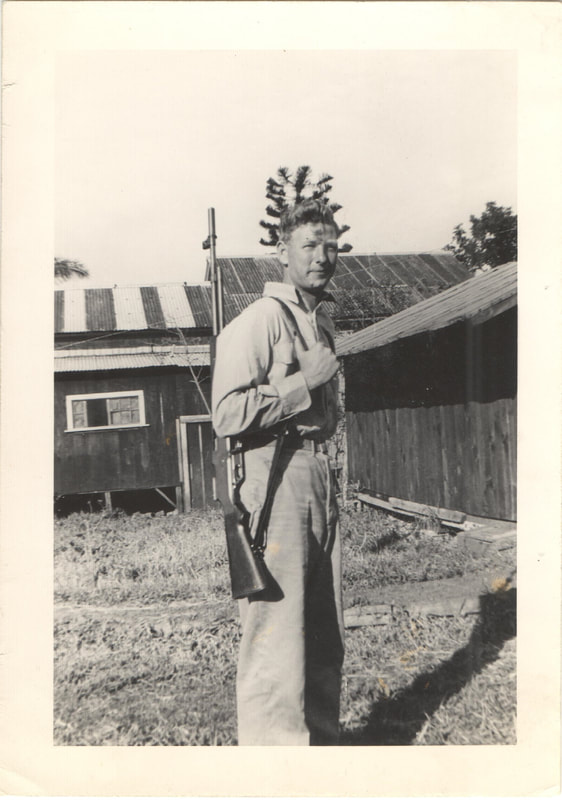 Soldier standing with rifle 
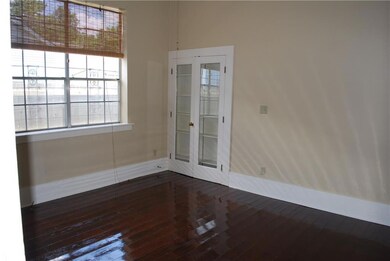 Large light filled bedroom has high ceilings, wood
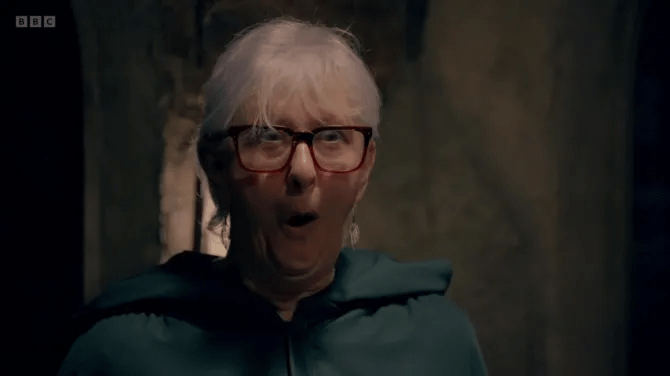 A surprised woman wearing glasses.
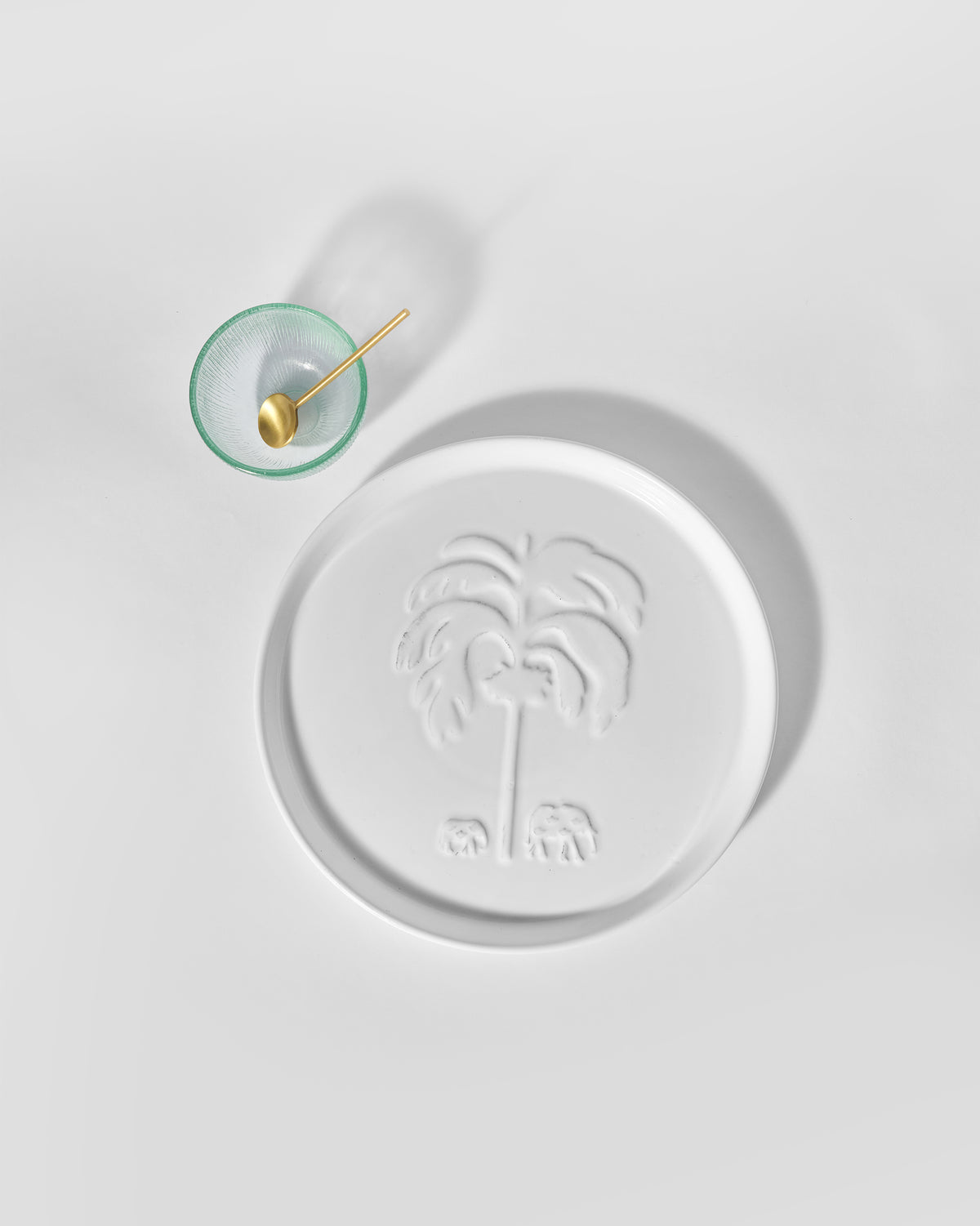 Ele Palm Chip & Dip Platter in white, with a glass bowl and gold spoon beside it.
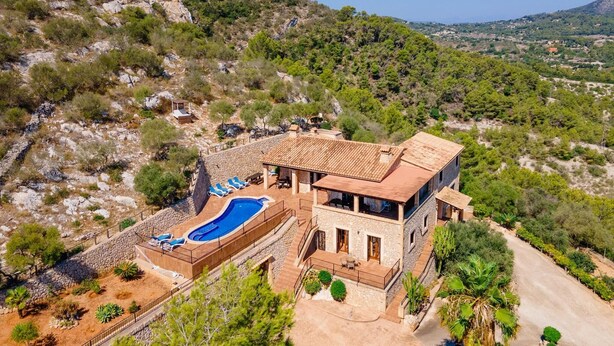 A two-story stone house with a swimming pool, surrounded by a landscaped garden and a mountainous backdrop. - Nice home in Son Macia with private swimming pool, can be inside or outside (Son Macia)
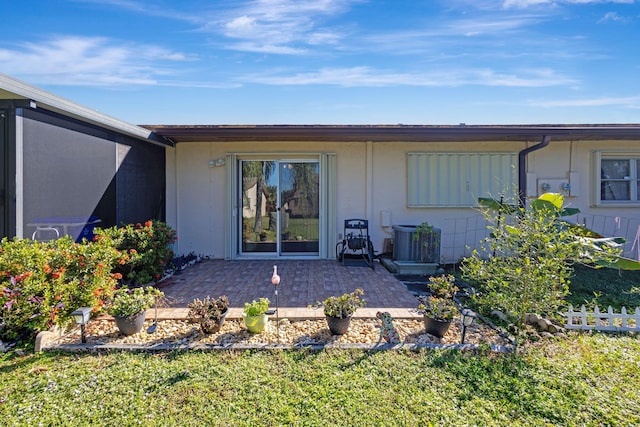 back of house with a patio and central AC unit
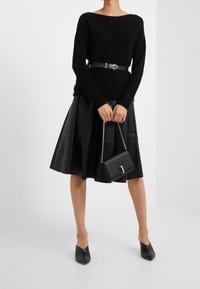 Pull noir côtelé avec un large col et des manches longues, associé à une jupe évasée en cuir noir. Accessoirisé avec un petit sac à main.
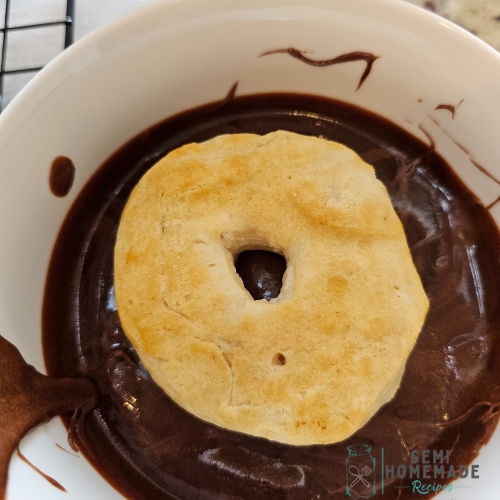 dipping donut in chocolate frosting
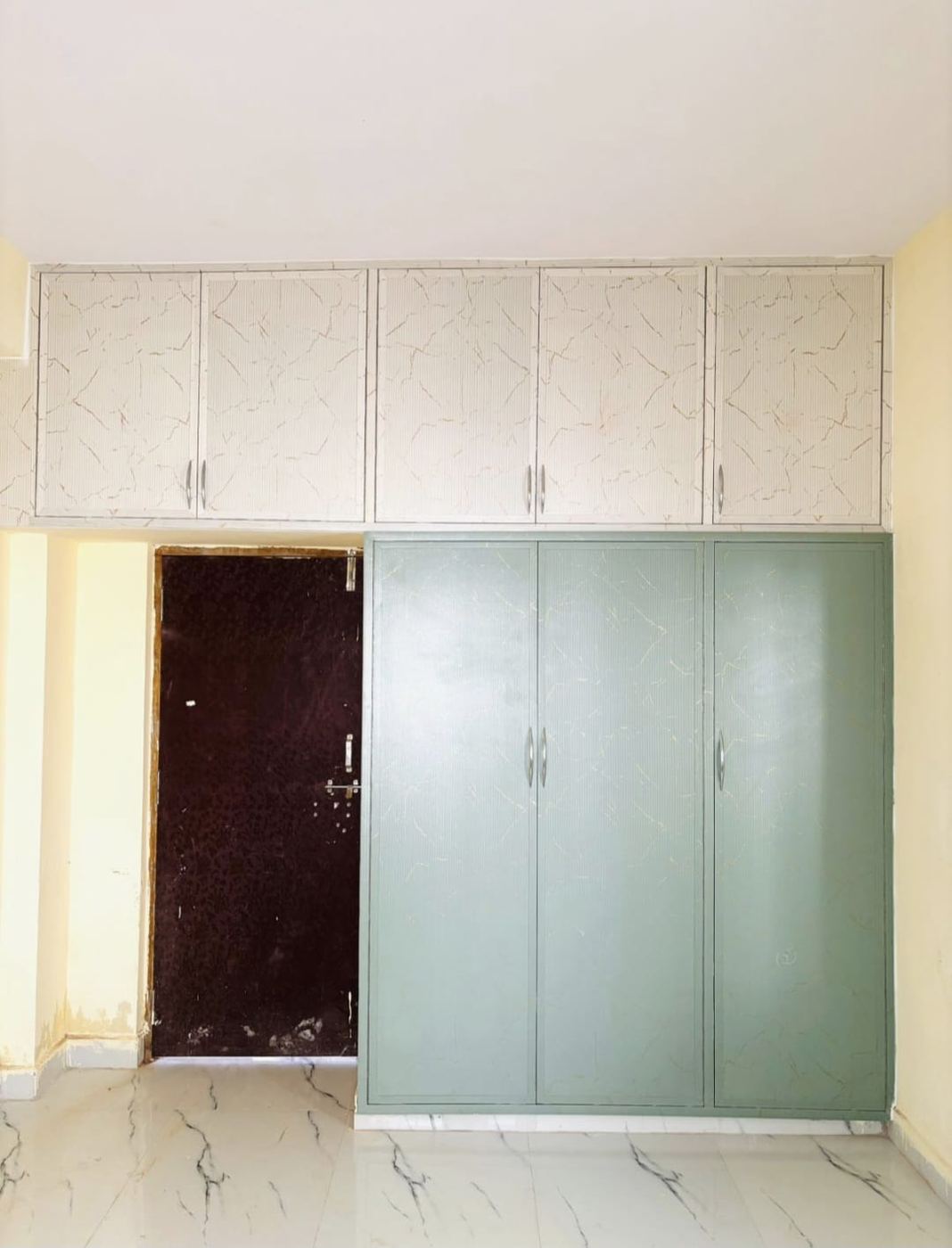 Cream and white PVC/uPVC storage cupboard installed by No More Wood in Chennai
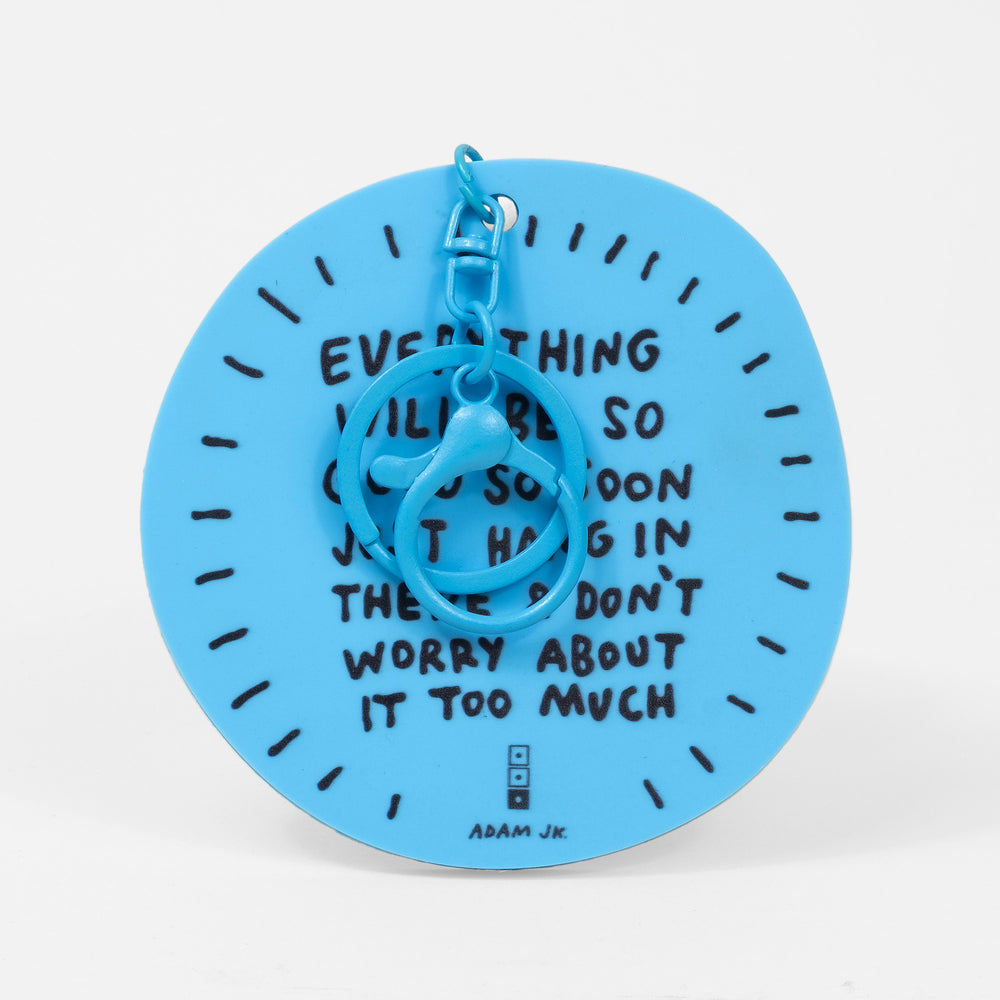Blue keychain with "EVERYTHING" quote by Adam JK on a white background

> **Work item**
Once the pictures are set aside, transcribe the remaining lines above exactly.

> **Reply**
 Soldier standing with rifle 
 Large light filled bedroom has high ceilings, wood
 A surprised woman wearing glasses.
 Ele Palm Chip & Dip Platter in white, with a glass bowl and gold spoon beside it.
 A two-story stone house with a swimming pool, surrounded by a landscaped garden and a mountainous backdrop. - Nice home in Son Macia with private swimming pool, can be inside or outside (Son Macia)
 back of house with a patio and central AC unit
 Pull noir côtelé avec un large col et des manches longues, associé à une jupe évasée en cuir noir. Accessoirisé avec un petit sac à main.
 dipping donut in chocolate frosting
 Cream and white PVC/uPVC storage cupboard installed by No More Wood in Chennai
Blue keychain with "EVERYTHING" quote by Adam JK on a white background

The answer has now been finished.